On a Monday evening in March twenty twenty-six, someone decided to build an entire podcast season in one sitting. Not a pilot episode. Not a proof of concept. Twenty-four episodes about how artificial intelligence actually works, researched from primary sources, written in podcast-ready prose, reviewed for factual accuracy, and polished for production. The plan was to do it with a swarm.

Twelve research agents launched simultaneously. Each one was given a topic, a list of specific questions, and instructions to find primary sources. The topics were the foundational concepts of modern AI: tokens, neural networks, training, attention, hallucination, embeddings, scaling, reinforcement learning from human feedback, diffusion, context windows, inference, and benchmarks. Twelve Opus-class language models, running in parallel on a laptop, each one racing across the internet looking for the original papers, the inventor interviews, the conference talks, the blog posts where someone explained what they built and why.

They all came back. Every single one. Averaging seven hundred lines of raw research material, with URLs, direct quotes, conflicting accounts, and notes about things that did not make it into the final file. Eighty thousand words of source material, gathered in about twelve minutes.

Then twelve writer agents launched. Each one read the series spec, the style guide, the research file for its topic, and the sound effects reference. Each one produced two episodes: a main story and a companion deep dive. Then twelve reviewer agents read the episodes alongside the research files and produced structured editorial feedback. Then a human read the reviews and made targeted fixes.

Seventy-three thousand seven hundred and fifty-four words. Twenty-four episodes. Roughly eight hours of estimated audio. Ninety minutes of wall clock time across two session windows. The whole thing committed to git as a single fifty-file push.

The Irony Engine

Here is where it gets interesting. The series is called "Actually, AI." Each episode takes one concept and explains the real mechanics behind it, cutting through the marketing language and the confused metaphors. How tokens actually work. What training actually does. Why models hallucinate. And the production process of making that series became a live demonstration of every concept the series describes.

Episode one explains that AI does not read words. It reads token fragments, pieces of text chosen by a compression algorithm with zero regard for meaning. The writers who produced episode one were themselves reading the spec as tokens. The very act of creating the explanation was subject to the phenomenon being explained.

Episode three explains that training is a loop of being wrong and adjusting. The swarm's production was the same loop. Research agents found information. Writer agents got things wrong. Review agents measured how wrong. An editor adjusted. The swarm did not understand the topics it was writing about. It found statistical patterns in its research material that, when shaped by the spec's constraints, produced output that looks like understanding.

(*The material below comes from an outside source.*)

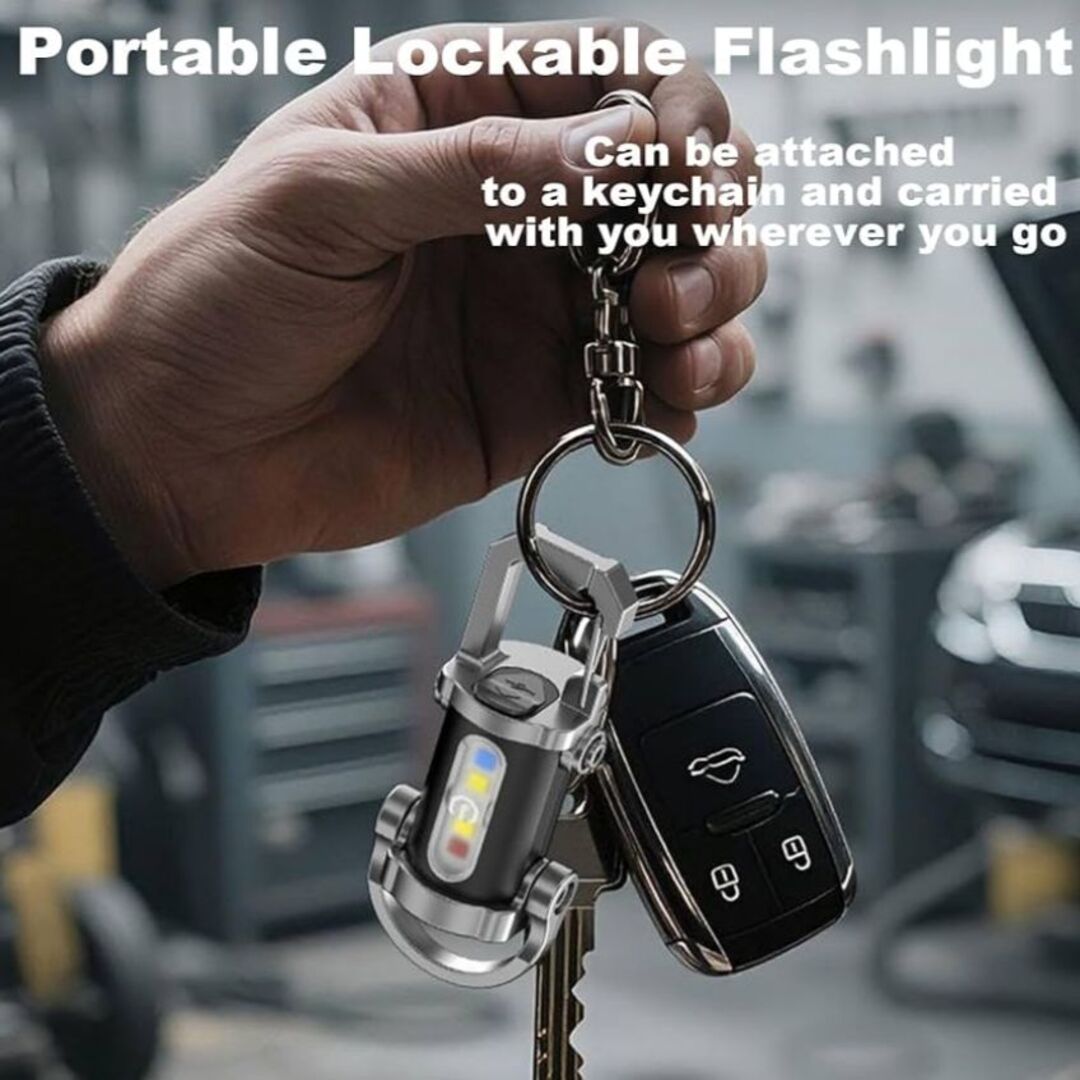 MiniFlash | Lampe de Poche Rechargeable Porte-Clés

Episode five explains hallucination. The model has no mechanism for truth. It has confidence scores, not fact databases. It generates the most likely next token based on patterns in its training data. And sure enough, two of the thirty-five agents hallucinated. The writer for the embeddings deep dive produced a VOICE block attributed to a researcher named Tolga Bolukbasi, quoting him saying things about bias in news data. The words sounded exactly like something Bolukbasi would say. They were plausible, specific, and completely fabricated. The research file described a finding from his paper. The writer turned that finding into a quote, dressed it in quotation marks, and put it in a voice block as if the man had said those exact words.

The writer for the neural networks deep dive did the same thing with Paul Werbos, producing a pithy observation about backpropagation credit that read like a direct quote from an interview. It was not. It was a paraphrase of a secondary source, promoted to primary-source status by an agent that had no concept of the difference.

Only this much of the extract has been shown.